> **WHAT NEEDS TO BE DONE**: Print the lines of the data, starting with the first, up to and including the line where "蘭と蝶の植物のメモ帳 ノートパッド (正面)" appears.

⟨

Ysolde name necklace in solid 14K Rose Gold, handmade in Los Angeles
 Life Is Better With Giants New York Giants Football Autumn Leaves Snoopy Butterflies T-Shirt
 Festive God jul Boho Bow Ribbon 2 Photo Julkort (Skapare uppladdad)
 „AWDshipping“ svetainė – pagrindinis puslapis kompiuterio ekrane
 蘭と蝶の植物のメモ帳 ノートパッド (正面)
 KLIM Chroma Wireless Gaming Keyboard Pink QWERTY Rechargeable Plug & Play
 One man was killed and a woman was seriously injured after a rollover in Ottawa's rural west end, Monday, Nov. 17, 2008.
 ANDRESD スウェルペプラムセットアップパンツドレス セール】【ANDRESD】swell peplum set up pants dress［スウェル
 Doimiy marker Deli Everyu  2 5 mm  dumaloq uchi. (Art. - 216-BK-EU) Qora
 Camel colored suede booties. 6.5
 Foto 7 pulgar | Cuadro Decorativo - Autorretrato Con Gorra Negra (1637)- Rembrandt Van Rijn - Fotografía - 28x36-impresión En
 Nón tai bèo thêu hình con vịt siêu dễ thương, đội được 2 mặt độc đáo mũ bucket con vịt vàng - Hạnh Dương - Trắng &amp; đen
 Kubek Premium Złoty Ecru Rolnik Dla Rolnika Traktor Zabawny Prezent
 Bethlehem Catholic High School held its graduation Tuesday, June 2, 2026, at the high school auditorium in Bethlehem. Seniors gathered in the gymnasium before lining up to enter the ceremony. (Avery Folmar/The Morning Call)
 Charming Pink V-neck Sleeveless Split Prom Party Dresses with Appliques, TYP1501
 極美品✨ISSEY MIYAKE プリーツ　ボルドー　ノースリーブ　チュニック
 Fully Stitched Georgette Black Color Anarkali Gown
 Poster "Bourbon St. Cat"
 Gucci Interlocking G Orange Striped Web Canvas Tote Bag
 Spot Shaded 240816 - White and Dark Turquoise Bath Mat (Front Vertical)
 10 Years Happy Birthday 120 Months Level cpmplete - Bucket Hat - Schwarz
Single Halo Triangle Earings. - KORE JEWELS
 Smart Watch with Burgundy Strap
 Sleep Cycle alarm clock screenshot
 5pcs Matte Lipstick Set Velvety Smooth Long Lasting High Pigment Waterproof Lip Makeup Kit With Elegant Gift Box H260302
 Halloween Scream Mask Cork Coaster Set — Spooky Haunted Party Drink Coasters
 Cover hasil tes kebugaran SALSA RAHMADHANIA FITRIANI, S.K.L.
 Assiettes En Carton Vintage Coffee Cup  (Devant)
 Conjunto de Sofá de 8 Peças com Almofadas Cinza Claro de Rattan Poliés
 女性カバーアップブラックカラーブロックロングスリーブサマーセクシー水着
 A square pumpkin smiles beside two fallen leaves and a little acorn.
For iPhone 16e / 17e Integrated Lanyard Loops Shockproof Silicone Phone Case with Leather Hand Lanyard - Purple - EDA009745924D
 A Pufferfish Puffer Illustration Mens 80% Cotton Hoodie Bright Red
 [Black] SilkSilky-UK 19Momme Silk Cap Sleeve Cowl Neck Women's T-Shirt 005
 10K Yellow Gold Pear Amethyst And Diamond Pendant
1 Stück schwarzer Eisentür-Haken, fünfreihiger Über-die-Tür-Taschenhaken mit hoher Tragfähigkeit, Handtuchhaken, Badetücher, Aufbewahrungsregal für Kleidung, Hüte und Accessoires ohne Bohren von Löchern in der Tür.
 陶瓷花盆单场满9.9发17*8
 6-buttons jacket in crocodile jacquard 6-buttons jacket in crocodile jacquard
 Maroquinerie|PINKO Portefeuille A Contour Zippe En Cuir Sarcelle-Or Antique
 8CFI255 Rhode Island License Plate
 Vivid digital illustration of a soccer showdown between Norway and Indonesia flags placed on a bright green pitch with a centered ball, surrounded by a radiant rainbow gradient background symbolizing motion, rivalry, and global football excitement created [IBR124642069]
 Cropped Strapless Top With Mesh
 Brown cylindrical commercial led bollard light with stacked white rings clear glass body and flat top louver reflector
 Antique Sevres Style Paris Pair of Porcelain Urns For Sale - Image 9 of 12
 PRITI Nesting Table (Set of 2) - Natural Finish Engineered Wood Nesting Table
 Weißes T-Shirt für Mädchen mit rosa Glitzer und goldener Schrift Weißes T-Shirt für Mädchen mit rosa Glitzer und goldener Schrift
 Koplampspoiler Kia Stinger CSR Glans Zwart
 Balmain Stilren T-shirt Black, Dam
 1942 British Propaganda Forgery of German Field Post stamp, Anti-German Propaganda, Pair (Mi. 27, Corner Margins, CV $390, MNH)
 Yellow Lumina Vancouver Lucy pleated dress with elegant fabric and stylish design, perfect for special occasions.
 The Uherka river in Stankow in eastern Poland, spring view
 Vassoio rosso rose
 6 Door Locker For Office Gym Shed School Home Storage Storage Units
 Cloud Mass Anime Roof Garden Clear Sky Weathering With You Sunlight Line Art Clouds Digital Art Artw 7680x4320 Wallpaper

⟩

> **ANSWER SECTION**:
Ysolde name necklace in solid 14K Rose Gold, handmade in Los Angeles
 Life Is Better With Giants New York Giants Football Autumn Leaves Snoopy Butterflies T-Shirt
 Festive God jul Boho Bow Ribbon 2 Photo Julkort (Skapare uppladdad)
 „AWDshipping“ svetainė – pagrindinis puslapis kompiuterio ekrane
 蘭と蝶の植物のメモ帳 ノートパッド (正面)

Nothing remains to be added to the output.